Vamos entrar numa coisa parecida como a que os portugueses e alguns italianos intitulavam de Idade do Espírito Santo, a Idade em que as crianças cresceram tanto que a sua espontaneidade e capacidade de sonhar nunca se extinguisse e um dia dia fossem capazes de dirigir o mundo.
Interessa-nos hoje que os tempos de criação e fruição, os tempos de lazer e gratuitidade de que falámos atrás, sejam não só um espaço-tempo de respiração que liga dois tempos afogueados, mas também um espaço-tempo de concepção de projectos que permitam e criem condições para o desenvolvimento e a afirmação das capacidades criativas de cada indivíduo, onde se pode ter todo o tempo do mundo para pensar, desenvolver projectos, experimentar soluções.

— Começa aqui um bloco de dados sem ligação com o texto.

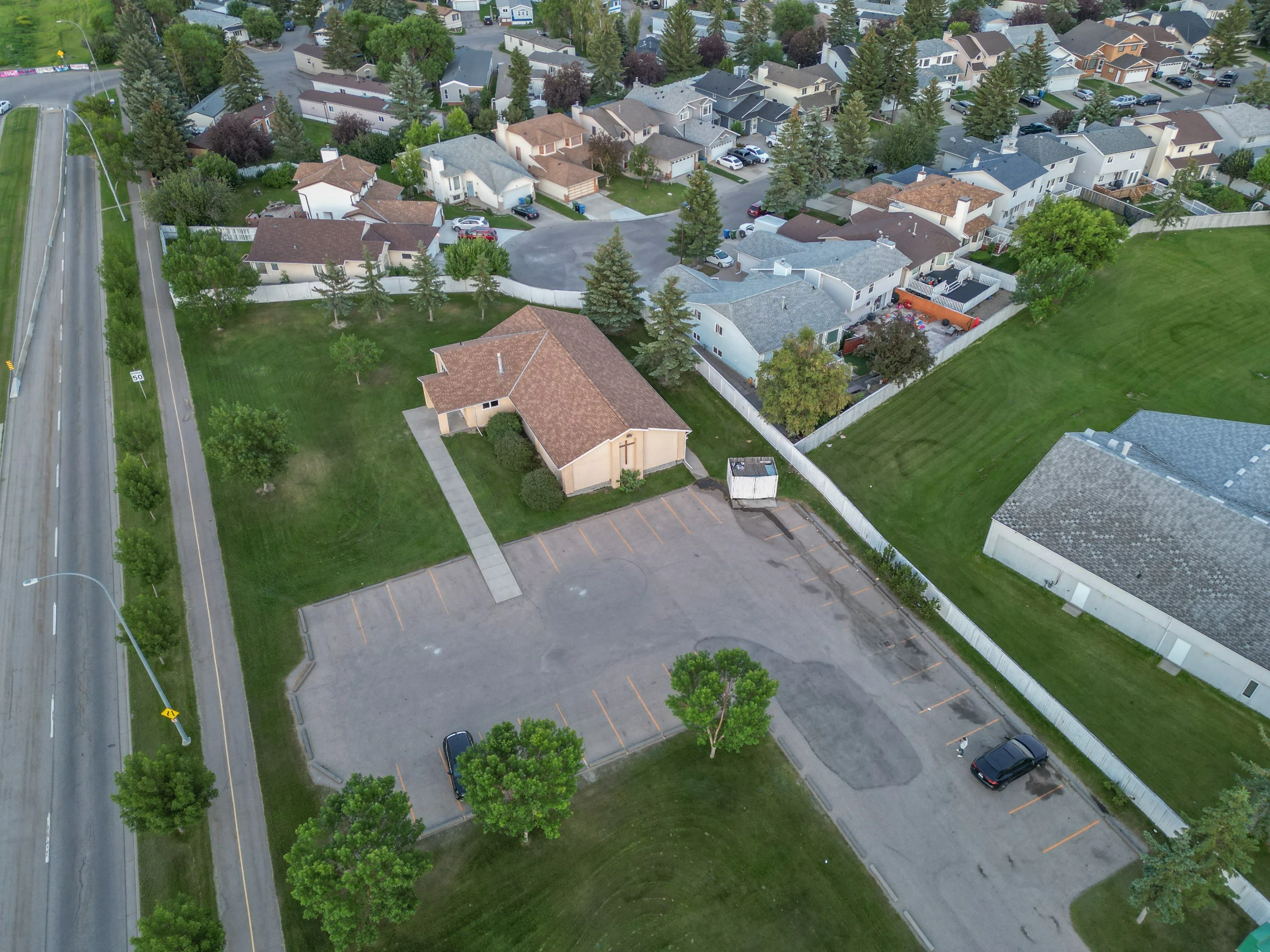 Aerial of a green space beside older homes and a parking lot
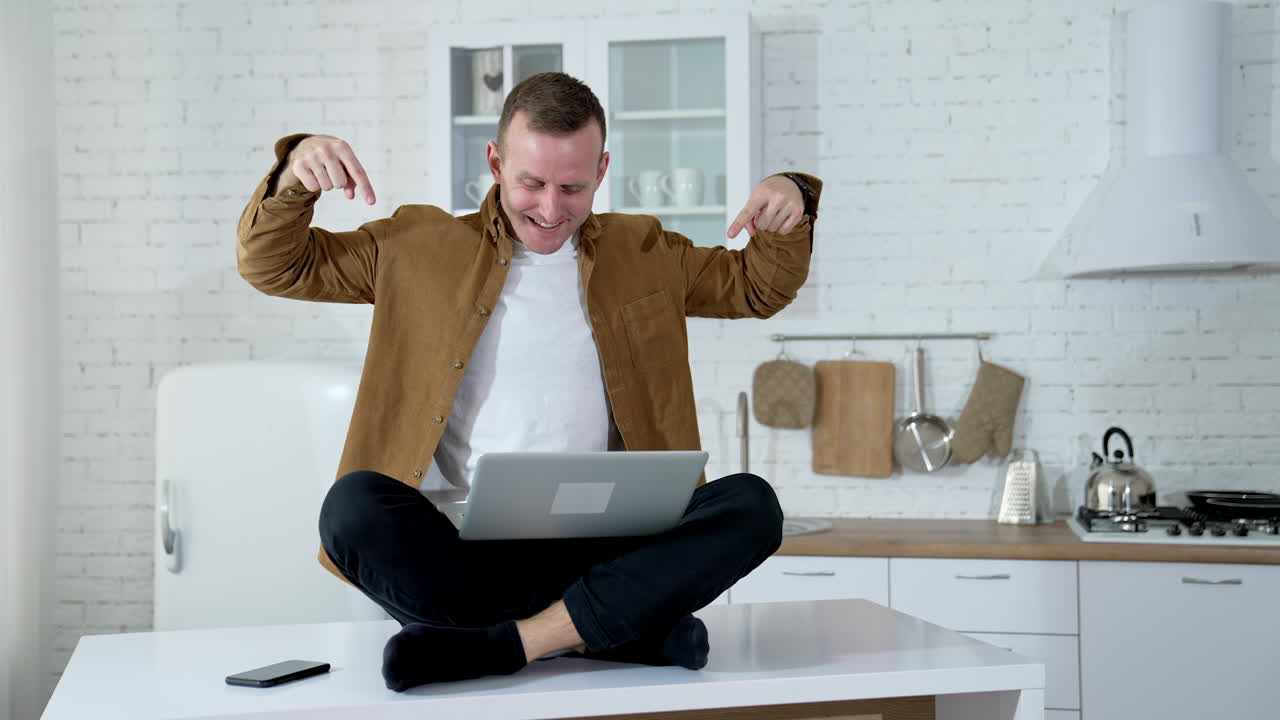 Funny man with a laptop on a table.Smiling freelancer sitting on a table and waiting to press button on a laptop on the kitchen background.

Efetivamente, procuramos configurar algo que possa potenciar ideias e estratégias capazes de conduzirem à transformação do tempo chamado de trabalho num tempo que estimule a participação e a criatividade de cada indivíduo e que seja factor de desenvolvimento e de realização pessoal.
Procuramos no fundo romper as fronteiras entre os tempos chamados de trabalho e de lazer, e isto porque temos consciência que a própria transformação interna do mundo chamado do trabalho, que passará a exigir outras qualificações das pessoas e uma redistribuição mais solidária, vai implicar não só um aumento dos tempos livres, mas que estes tempos livres sejam não um tempo de fuga mas sim um espaço de afirmação de novas qualificações e de novos desafios. A diferença que passará a haver entre estes dois tempos traduzir-se-á, a nosso ver, no facto de que no trabalho tudo se deverá centrar no produto e na planificação dos tempos de criação-produção desse produto, enquanto que no lazer haverá uma outra liberdade para experimentar os processos e para perder tempo a descobrir outras soluções, para vagabundear tal como Umberto Eco quando se perdia nas bibliotecas em busca do livro que desconhecia, ou melhor, em busca do conhecimento. [Fonte: Carlos Fragateiro]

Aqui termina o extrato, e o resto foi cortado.